You can repair lawn that's diseased, distressed, or unattractive.
The best defense is to keep your lawn healthy by fertilizing and topdressing with organic material once a year. Mow your lawn correctly and aerate it periodically to discourage thatch buildup and soil compaction.
Lawn repair is a great way to rid your landscape of small bare, thin, or weedy patches that occasionally develop in certain areas. And repairing lawn isn't as difficult as it might seem.
The most important step in lawn repair is to deal with any problems as soon as possible so the damage doesn't spread. Weeds rapidly will fill in bare lawn areas if you don't populate that space promptly with new grass. Before you start, know that lawn repair is a two-step process.
Lawn Repair: Step One
First, try to determine the underlying cause of why you need to repair lawn. Sometimes an accident, such as a fertilizer spill, creates a bare spot in the lawn. Or the cause of the lawn repair might be chronic disease, destructive insects, or competition for light and moisture from overgrown neighboring plants. Correct these deficiencies first, or your lawn repair efforts will be futile.
Lawn Repair: Step Two
To repair lawn patches, you can overseed with new grass seed. In northern states, do this in the fall, so the cool-season grasses have time to develop strong roots before they have to face summer. In southern states, repair lawns of warm-weather grasses in the spring by sprigging or plugging -- these grasses need warm weather to grow well. Consult your local nursery or home improvement store about the best lawn varieties to help ensure a successful lawn repair.
1. Mow the existing grass as closely as possible; be careful not to scrape the crowns of the plants. Remove the clippings to expose bare soil of the repaired lawn area, so the seed will have direct contact with the soil.
2. Use a garden rake to rough up the soil between the grass plants. This, and the stubble of the freshly mown grass, will make a good seed bed for the new seed you're adding to the lawn repair area.
3. Sow seed at the rate recommended for new lawns and lawn repair. This compensates for reduced germination as some seed falls into existing grass, not on the soil.

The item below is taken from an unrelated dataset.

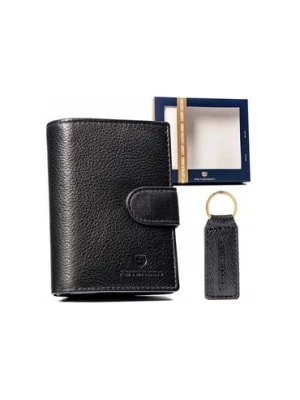 Zdjęcie produktu Zestaw prezentowy: skórzany portfel męski na zatrzask i brelok - Peterson
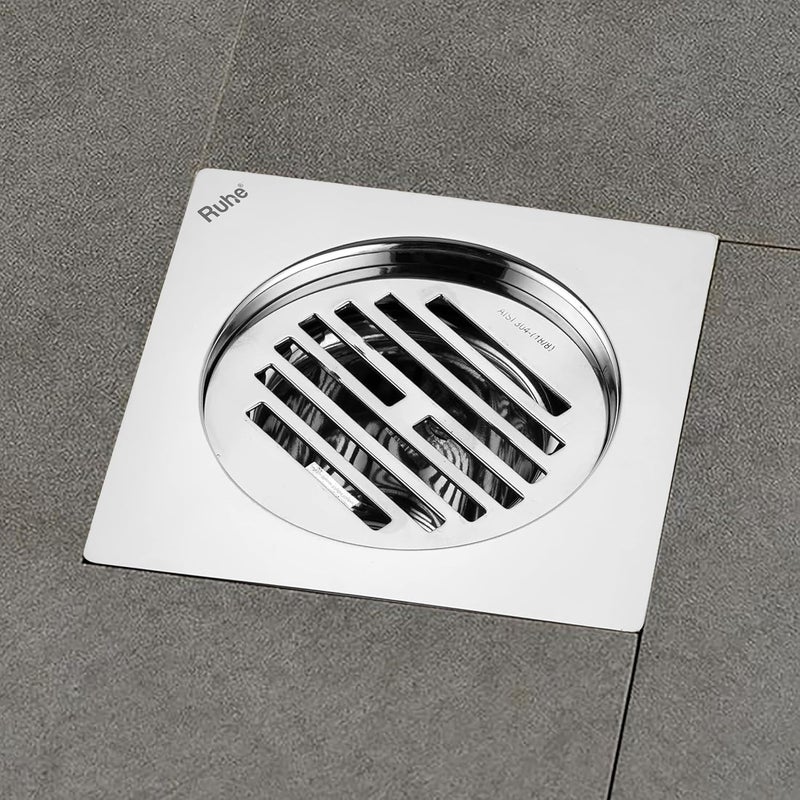 Ruhe® Air Square Flat Cut Floor Drain | 304-Grade Stainless Steel Floor Drain Jali | 6 x 6 inches | Floor Drainer with Cockroach Trap/Jali and Lock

4. Roll the lawn repair area lightly. Topdress it with topsoil or compost (optional). Water frequently. Mow the new grass when it reaches 3 inches in height.
1. Delineate the lawn repair spot you'll be repairing by digging around its border. Remove and discard any poor grass and weeds within the area. Keep the remaining bare soil free of debris.
2. Invest as much time and effort in preparing the soil in this small lawn repair area as you would for an entire lawn. Dig in organic matter and granular, slow-acting fertilizer. Rake the soil smooth and level.
3. Sow seed thickly in the lawn repair area. Use a variety that corresponds to the surrounding grass if possible. Otherwise use a mixture of grasses appropriate to the region.
Spread a thin layer of topsoil, straw, or polyspun garden fabric over the lawn repair area that you've just patched with seed. This protects the seed and, later, the sprouts. More importantly, by covering the soil, it reduces moisture loss. A constant supply of moisture is the key to good germination for a repaired lawn.
Sod is the quickest and easiest way to patch a dead or damaged turf area. You can lay it any time during the season.
Keep the sod moist until you plant it. Prepare the soil the same way you would for patching with seed. Keep the area an inch or so below grade so the new grass will be level with the lawn. Then cut a piece from the strip of sod to conform to the repair site. Firm it onto the soil, placing its edges snugly against the surrounding lawn. Walk on it to settle it into place. Water deeply and often.